Writing RESTful Web Services with Generic Controllers

Pecan simplifies RESTful web services by providing a way to overload URLs based on the request method. For most API’s, the use of generic controller definitions give you everything you need to build out robust RESTful interfaces (and is the recommended approach to writing RESTful web services in pecan):

from pecan import abort, expose

# Note: this is *not* thread-safe.  In real life, use a persistent data store.
BOOKS = {
    '0': 'The Last of the Mohicans',
    '1': 'Catch-22'
}


class BookController(object):

    def __init__(self, id_):
        self.id_ = id_
        assert self.book

    @property
    def book(self):
        if self.id_ in BOOKS:
            return dict(id=self.id_, name=BOOKS[self.id_])
        abort(404)

    # HTTP GET /<id>/
    @expose(generic=True, template='json')
    def index(self):
        return self.book

    # HTTP PUT /<id>/
    @index.when(method='PUT', template='json')
    def index_PUT(self, **kw):
        BOOKS[self.id_] = kw['name']
        return self.book

    # HTTP DELETE /<id>/
    @index.when(method='DELETE', template='json')
    def index_DELETE(self):
        del BOOKS[self.id_]
        return dict()


class RootController(object):

    @expose()
    def _lookup(self, id_, *remainder):
        return BookController(id_), remainder

    # HTTP GET /
    @expose(generic=True, template='json')
    def index(self):
        return [dict(id=k, name=v) for k, v in BOOKS.items()]

    # HTTP POST /
    @index.when(method='POST', template='json')
    def index_POST(self, **kw):
        id_ = str(len(BOOKS))
        BOOKS[id_] = kw['name']
        return dict(id=id_, name=kw['name'])

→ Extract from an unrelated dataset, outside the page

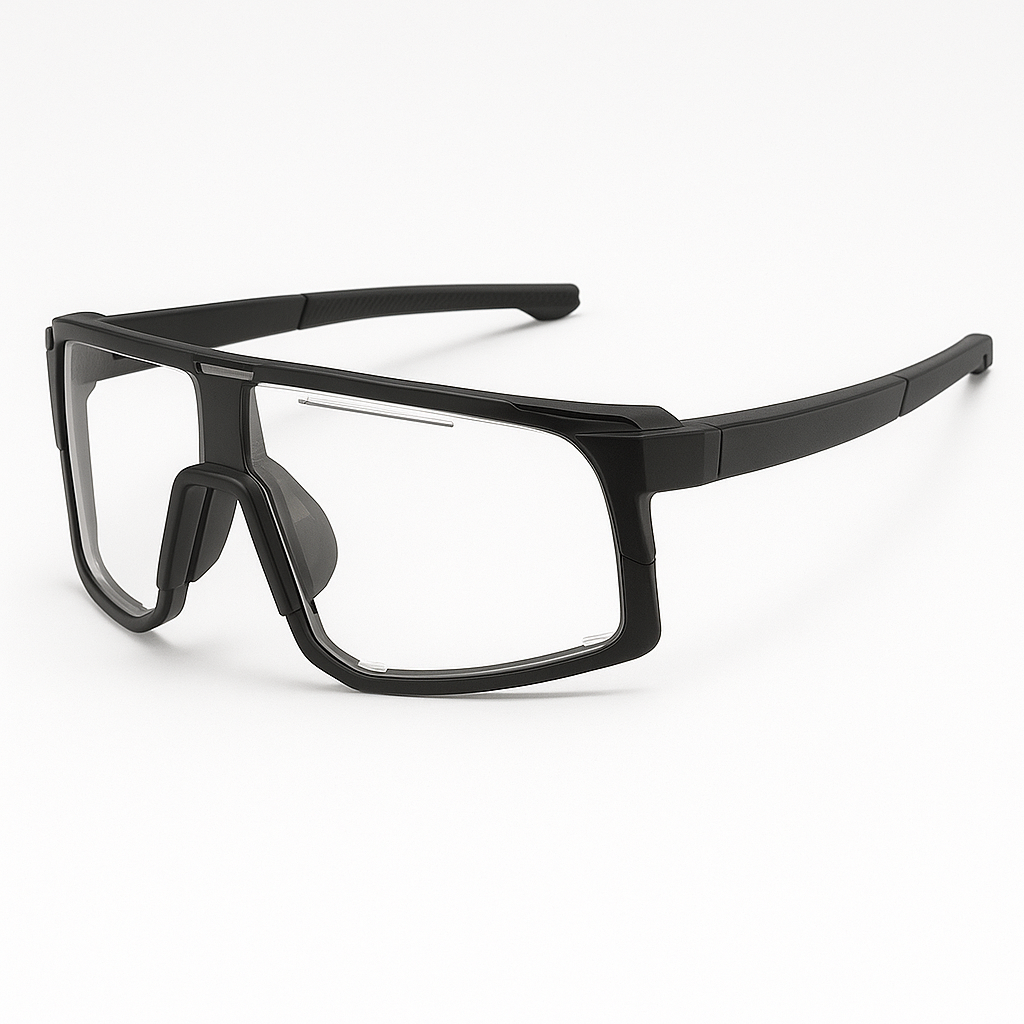 🔥HOT SALE Gafas deportivas Knight Nano Lens Protección Uv400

Writing RESTful Web Services with RestController

For compatability with the TurboGears2 library, Pecan also provides a class-based solution to RESTful routing, RestController:

from pecan import expose
from pecan.rest import RestController

from mymodel import Book

class BooksController(RestController):

    @expose()
    def get(self, id):
        book = Book.get(id)
        if not book:
            abort(404)
        return book.title

URL Mapping

By default, RestController routes as follows:

Method

Description

Example Method(s) / URL(s)

get_one

Display one record.

GET /books/1

get_all

Display all records in a resource.

GET /books/

get

A combo of get_one and get_all.

GET /books/

GET /books/1

new

Display a page to create a new resource.

GET /books/new

edit

Display a page to edit an existing resource.

GET /books/1/edit

post

Create a new record.

POST /books/

put

Update an existing record.

POST /books/1?_method=put

PUT /books/1

get_delete

Display a delete confirmation page.

GET /books/1/delete

delete

Delete an existing record.

POST /books/1?_method=delete

DELETE /books/1

Pecan’s RestController uses the ?_method= query string to work around the lack of support for the PUT and DELETE verbs when submitting forms in most current browsers.

In addition to handling REST, the RestController also supports the index(), _default(), and _lookup() routing overrides.

Warning

If you need to override _route(), make sure to call RestController._route() at the end of your custom method so that the REST routing described above still occurs.

Nesting RestController

RestController instances can be nested so that child resources receive the parameters necessary to look up parent resources.

For example:

from pecan import expose
from pecan.rest import RestController

from mymodel import Author, Book

class BooksController(RestController):

    @expose()
    def get(self, author_id, id):
        author = Author.get(author_id)
        if not author_id:
            abort(404)
        book = author.get_book(id)
        if not book:
            abort(404)
        return book.title

class AuthorsController(RestController):

    books = BooksController()

    @expose()
    def get(self, id):
        author = Author.get(id)
        if not author:
            abort(404)
        return author.name

class RootController(object):

    authors = AuthorsController()

Accessing /authors/1/books/2 invokes BooksController.get() with author_id set to 1 and id set to 2.

To determine which arguments are associated with the parent resource, Pecan looks at the get_one() then get() method signatures, in that order, in the parent controller. If the parent resource takes a variable number of arguments, Pecan will pass it everything up to the child resource controller name (e.g., books in the above example).

Defining Custom Actions

In addition to the default methods defined above, you can add additional behaviors to a RestController by defining a special _custom_actions dictionary.

For example:

from pecan import expose
from pecan.rest import RestController

from mymodel import Book

class BooksController(RestController):

    _custom_actions = {
        'checkout': ['POST']
    }

    @expose()
    def checkout(self, id):
        book = Book.get(id)
        if not book:
            abort(404)
        book.checkout()

_custom_actions maps method names to the list of valid HTTP verbs for those custom actions. In this case checkout() supports POST.